After I've gone through my journey of heavily using Figma and friends, to then not wanting to use them at all because I'd much rather be in the IDE (... in Zed!) full time, I'm circling back to it, recognizing its true role.
It's all about direction. It's all about communication.
It becomes a much more powerful tool if you see it as a channel for direction-building. Absurdly more so if you use it while having a good grasp at how things would actually be translated into code. With that in mind, while in the design software, you can really just concentrate on:
- Is this roughly going in the right direction?
- Is this innovative? Is this relevant?
- Is the UI roughly making sense? Does it feel roughly intuitive?
- Can I at least visualize how a given state would look, without worrying too much about its entire flow end-to-end?
- Can I see 10 different iterations side-by-side super quick?
- Can I explore something wildly different off to the side for a second?
It's true that due to AI, doing all of these things in code is becoming cheaper and easier, too. But there's still a level of simplicity to just dragging rectangles around and drawing on top of screenshots that's just sometimes better for when you're only worried about starting to materialize what once was an abstract vision.
Using the design software to specify every little detail about a given feature is a mistake. We should use it to create alignment, to explore and document alternatives, to feel whether a given iteration points in the right direction.
Then, once there's some clarity generated out of this exercise, it's time to move on. It becomes time to go to the codebase, to ask an agent to build a more concrete prototype, to start truly hacking. To just go for it.

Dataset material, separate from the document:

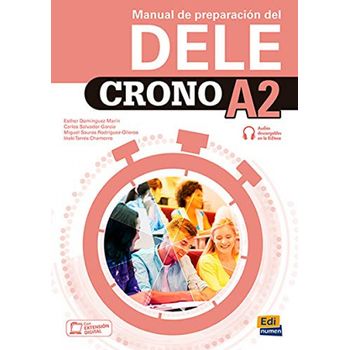 Crono A2 Ûmanual De Preparación Del Dele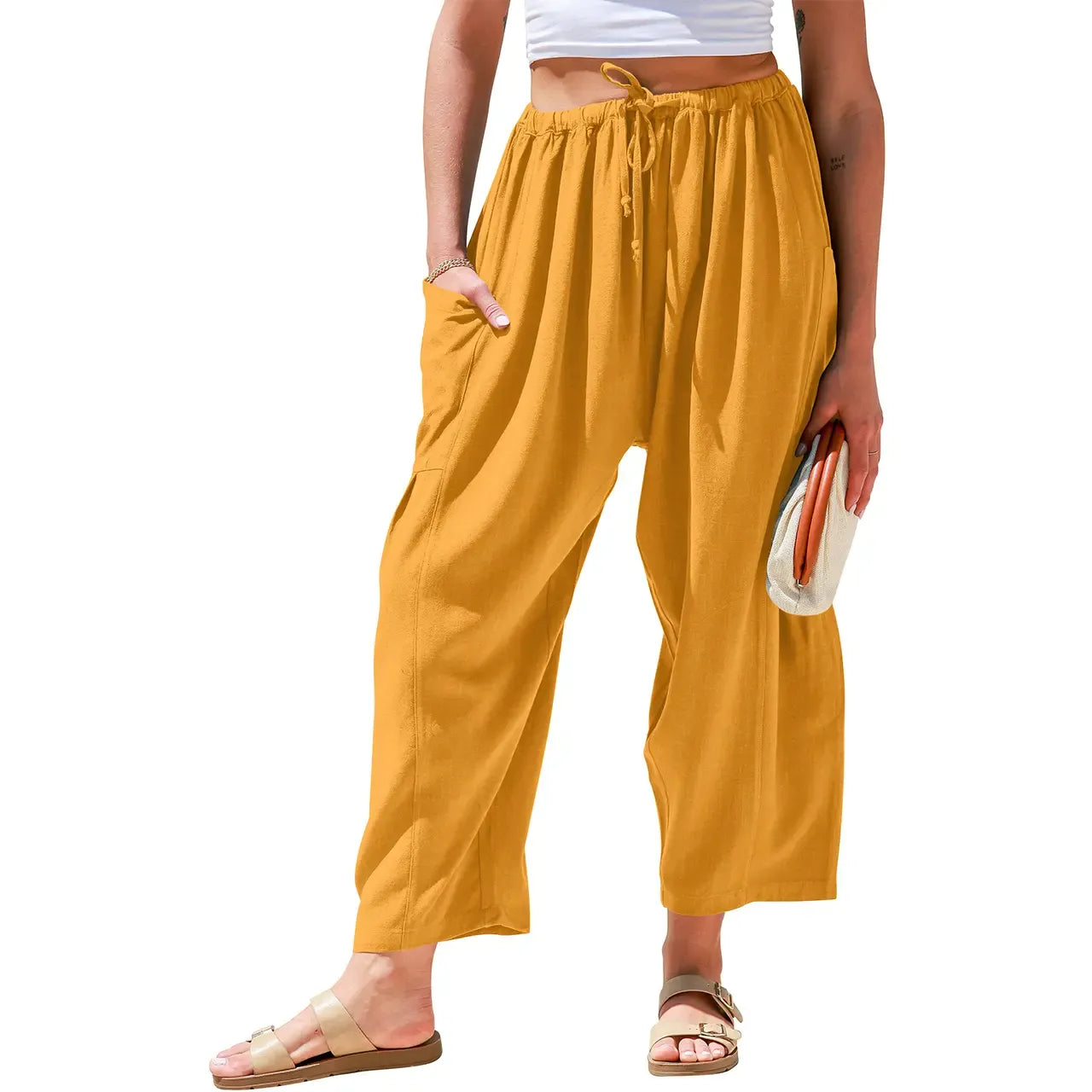WideTrousers | Luchtig Comfort Voor Elke Dag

After finally shipping, after the code and product is in the hands of users and you are in the concrete moment where you will be able to really learn whether that was the right direction, you can always come back to the design software to admire, to zoom all the way out (in a way you can't as easily do with code), and to think: "Man, look how we circled Earth a few times, searching for the best route, to land where we did with this project."

One page of explorations and review follow-up for Zed's upcoming new AI experiences.

A page full of random explorations for Zed's site redesign from July, 2024.